I don't recall the history. It seems to me mostly a rationalization for the provision of a px unit as a legal CSS length. As a device pixel is something that varies in physical size, I suppose having something that can be reduced to a predictable physical measurement would be a necessary part of a complete specification for things that define object sizes and sizing. The angular definition isn't entirely arbitrary, as it is derived from a common practice from a young internet as defined by Microsoft.

FWIW, http://blogs.msdn.com/b/fontblog/archive/2005/11/08/490490.aspx provides logical explanation for 96.

In Geckos, variations in assumed DPI have no impact on its 16px OEM
default size, which physically speaking is 12pt whenever the DPI is
in fact 96.

Why ?  Also, has this always been the case, or did it change between
the version of Gecko used until Seamonkey 2.17.1 (the last version
that I regard as usable, because of the aberrant behaviour regarding
font scaling that occurred post that release) and subsequent versions?

I'm assuming your "why" refers to the fact that Gecko's default is not affected by DPI.

It has been thus for as long as I've been using Mozilla, more than 13 years, sometime before Netscape 6.2 (maybe before 6.0 too) and Mozilla 1.0 were released. Whether it ever was not the case I don't remember, but I think it's never been otherwise. As to why I don't remember either, but a search of bugzilla.mozilla.org's early years on the issue of attempting to change default font size to behave as it does in IE (and KHTML) would no doubt provide an answer.
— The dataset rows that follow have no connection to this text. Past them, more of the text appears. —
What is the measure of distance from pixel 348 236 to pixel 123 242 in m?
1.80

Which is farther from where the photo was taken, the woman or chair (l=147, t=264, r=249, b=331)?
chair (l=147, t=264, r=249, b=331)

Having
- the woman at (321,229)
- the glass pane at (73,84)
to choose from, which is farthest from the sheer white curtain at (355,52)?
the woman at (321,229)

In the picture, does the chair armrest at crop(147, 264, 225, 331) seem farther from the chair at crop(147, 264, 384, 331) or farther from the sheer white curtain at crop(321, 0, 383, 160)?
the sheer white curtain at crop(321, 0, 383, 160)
To get bigger fonts in px from Geckos requires either settings
personalization, zoom, or bigger CSS size declarations, all of which
are effective in IE as well, but often obviated from necessity
because IE's default automatically goes up as DE DPI goes up, e.g.,
default @120 DPI being 20px instead of the 16px that it is @96, or
24px when DPI is 144.

Why does Gecko not emulate this eminently sensible behaviour ?

In part because its default is specified in pixels, not points. In another part, because it's FOSS, which means cross-platform compromises that dictate choices made in internal design. Safari behaves the same as Gecko. Little as I understand about Chrome, IIUC it behaves like Safari, since at the outset at least it ran on the exact same WebKit rendering engine, which was originally forked from KHTML. More recently WebKit was forked itself into Blink for use in Chrome with minimized control from Apple.
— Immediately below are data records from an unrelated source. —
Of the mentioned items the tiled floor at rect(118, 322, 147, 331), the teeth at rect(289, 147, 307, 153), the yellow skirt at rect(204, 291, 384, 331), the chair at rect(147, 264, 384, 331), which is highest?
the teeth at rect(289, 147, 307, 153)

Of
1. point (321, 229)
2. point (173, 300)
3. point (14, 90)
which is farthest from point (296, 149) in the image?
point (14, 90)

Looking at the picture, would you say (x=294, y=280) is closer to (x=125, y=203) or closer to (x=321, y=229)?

The reason it's ostensibly a good thing is because there is positive
non-zero rational relationship between a CSS size declaration in em,
and to optimal as reflected by the browser default size, which does
not exist for a px unit.

I don't understand the above starting at "and to optimal"; is there
possibly a typo somewhere in there that is confusing me ?

I use optimal as a descriptive term for browser default. 1em at the root (html; 1rem) equals the browser default 1:1. The browser default presumptively is either optimal as shipped by its vendor, or optimal as personalized by its user when the OEM setting was sufficiently divorced from his own environment's optimal to cause the user to change it.
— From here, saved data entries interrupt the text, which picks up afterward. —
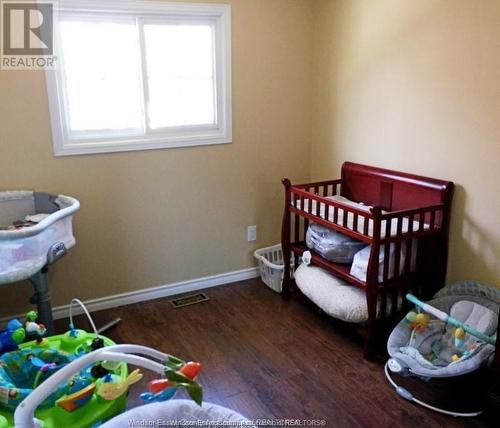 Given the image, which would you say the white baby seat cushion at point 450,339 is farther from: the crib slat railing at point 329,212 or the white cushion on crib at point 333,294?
the crib slat railing at point 329,212

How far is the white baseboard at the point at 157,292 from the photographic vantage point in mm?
3096

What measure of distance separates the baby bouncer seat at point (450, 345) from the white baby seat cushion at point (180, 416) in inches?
39.4

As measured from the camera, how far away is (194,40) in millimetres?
3164

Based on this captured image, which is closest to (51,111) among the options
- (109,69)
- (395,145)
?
(109,69)

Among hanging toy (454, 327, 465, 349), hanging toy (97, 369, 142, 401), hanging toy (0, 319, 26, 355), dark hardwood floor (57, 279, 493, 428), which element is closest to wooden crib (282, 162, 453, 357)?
dark hardwood floor (57, 279, 493, 428)

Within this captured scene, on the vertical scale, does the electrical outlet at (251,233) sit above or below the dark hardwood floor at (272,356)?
above

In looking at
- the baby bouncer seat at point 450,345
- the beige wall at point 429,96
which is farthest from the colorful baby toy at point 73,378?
the beige wall at point 429,96

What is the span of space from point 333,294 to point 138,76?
72.1 inches

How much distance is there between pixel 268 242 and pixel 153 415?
2.20 m

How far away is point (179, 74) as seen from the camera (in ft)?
10.4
as display density increases, the px unit decreases in physical
size (to a point, after which it doubles, and then at another point,
after which it in effect will have tripled, etc.),

What causes it to ?suddenly? double, triple, etc ?

I'm not up to speed on any advances that may exist within any DEs themselves.

WRT browser engines, available hardware is not up to the task of dealing with non-integer device pixel to logical pixel ratios. So, 96 is used until physical DPI has reached a doubling from 96 to 192, where it remains until the tripling point at 3X96=288. Whether the 4X point has been reached in available hardware I doubt, but would be 384.

Many thanks in advance for any light that you can shed on the above.

Hopefully at least the bulk of this is on-topic in the eyes of our list mom. :-)
--
"The wise are known for their understanding, and pleasant
words are persuasive." Proverbs 16:21 (New Living Translation)

 Team OS/2 ** Reg. Linux User #211409 ** a11y rocks!